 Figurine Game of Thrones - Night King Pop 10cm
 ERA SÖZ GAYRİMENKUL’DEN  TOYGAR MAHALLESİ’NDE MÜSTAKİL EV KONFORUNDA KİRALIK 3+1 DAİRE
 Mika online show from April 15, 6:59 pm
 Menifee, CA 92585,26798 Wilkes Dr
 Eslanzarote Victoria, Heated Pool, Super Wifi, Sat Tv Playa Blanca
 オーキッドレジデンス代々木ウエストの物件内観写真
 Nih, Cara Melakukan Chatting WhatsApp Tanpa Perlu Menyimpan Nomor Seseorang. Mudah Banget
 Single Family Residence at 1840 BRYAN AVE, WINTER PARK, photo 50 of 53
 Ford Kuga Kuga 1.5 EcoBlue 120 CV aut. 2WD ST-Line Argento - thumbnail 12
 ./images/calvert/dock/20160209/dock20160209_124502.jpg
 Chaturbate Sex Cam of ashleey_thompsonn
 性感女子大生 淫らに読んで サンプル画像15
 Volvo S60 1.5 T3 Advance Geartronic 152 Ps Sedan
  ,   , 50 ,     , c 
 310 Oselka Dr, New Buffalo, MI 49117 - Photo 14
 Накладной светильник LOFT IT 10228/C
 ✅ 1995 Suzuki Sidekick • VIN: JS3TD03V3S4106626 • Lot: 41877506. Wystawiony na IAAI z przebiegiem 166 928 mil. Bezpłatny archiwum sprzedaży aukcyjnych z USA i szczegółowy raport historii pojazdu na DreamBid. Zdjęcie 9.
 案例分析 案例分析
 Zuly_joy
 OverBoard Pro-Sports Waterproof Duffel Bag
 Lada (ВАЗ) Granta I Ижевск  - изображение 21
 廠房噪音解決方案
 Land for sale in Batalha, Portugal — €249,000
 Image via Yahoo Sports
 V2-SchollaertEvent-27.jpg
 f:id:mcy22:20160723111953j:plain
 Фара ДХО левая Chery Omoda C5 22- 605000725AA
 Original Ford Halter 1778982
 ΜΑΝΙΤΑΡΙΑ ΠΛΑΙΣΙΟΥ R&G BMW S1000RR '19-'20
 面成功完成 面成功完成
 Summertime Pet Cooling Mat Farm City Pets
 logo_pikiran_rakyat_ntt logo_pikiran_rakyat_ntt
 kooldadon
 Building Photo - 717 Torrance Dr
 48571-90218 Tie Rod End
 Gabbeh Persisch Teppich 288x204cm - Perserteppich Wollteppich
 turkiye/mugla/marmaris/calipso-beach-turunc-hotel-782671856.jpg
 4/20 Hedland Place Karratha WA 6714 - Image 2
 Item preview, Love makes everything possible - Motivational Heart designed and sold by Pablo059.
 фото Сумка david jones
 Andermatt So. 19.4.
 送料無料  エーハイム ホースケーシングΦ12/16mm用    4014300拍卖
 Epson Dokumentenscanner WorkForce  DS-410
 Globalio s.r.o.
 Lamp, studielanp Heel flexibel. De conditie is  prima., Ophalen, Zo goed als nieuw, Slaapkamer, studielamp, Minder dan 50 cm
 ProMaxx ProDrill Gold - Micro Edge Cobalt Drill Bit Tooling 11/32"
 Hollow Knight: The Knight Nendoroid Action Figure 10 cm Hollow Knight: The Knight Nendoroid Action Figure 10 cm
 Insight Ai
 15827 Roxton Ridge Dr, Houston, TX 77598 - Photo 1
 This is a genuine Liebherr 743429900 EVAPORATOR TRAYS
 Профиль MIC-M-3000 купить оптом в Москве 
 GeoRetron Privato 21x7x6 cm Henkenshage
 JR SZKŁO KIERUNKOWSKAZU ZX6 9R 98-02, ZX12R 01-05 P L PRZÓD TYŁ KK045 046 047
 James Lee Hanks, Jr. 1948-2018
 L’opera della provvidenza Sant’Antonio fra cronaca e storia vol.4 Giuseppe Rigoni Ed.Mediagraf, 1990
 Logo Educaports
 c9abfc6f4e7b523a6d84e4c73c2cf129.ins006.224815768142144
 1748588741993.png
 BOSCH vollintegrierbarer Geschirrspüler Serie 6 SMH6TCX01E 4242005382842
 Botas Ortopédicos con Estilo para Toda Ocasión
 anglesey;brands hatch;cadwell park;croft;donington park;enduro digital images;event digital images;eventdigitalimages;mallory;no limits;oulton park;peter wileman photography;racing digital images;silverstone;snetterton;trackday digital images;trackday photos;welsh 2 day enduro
-*-
Task description ::
Output the lines from the one holding "Профиль MIC-M-3000 купить оптом в Москве" to the last line of the material, inclusive, exactly as they appear. Add no others.

Response ::
 Профиль MIC-M-3000 купить оптом в Москве 
 GeoRetron Privato 21x7x6 cm Henkenshage
 JR SZKŁO KIERUNKOWSKAZU ZX6 9R 98-02, ZX12R 01-05 P L PRZÓD TYŁ KK045 046 047
 James Lee Hanks, Jr. 1948-2018
 L’opera della provvidenza Sant’Antonio fra cronaca e storia vol.4 Giuseppe Rigoni Ed.Mediagraf, 1990
 Logo Educaports
 c9abfc6f4e7b523a6d84e4c73c2cf129.ins006.224815768142144
 1748588741993.png
 BOSCH vollintegrierbarer Geschirrspüler Serie 6 SMH6TCX01E 4242005382842
 Botas Ortopédicos con Estilo para Toda Ocasión
 anglesey;brands hatch;cadwell park;croft;donington park;enduro digital images;event digital images;eventdigitalimages;mallory;no limits;oulton park;peter wileman photography;racing digital images;silverstone;snetterton;trackday digital images;trackday photos;welsh 2 day enduro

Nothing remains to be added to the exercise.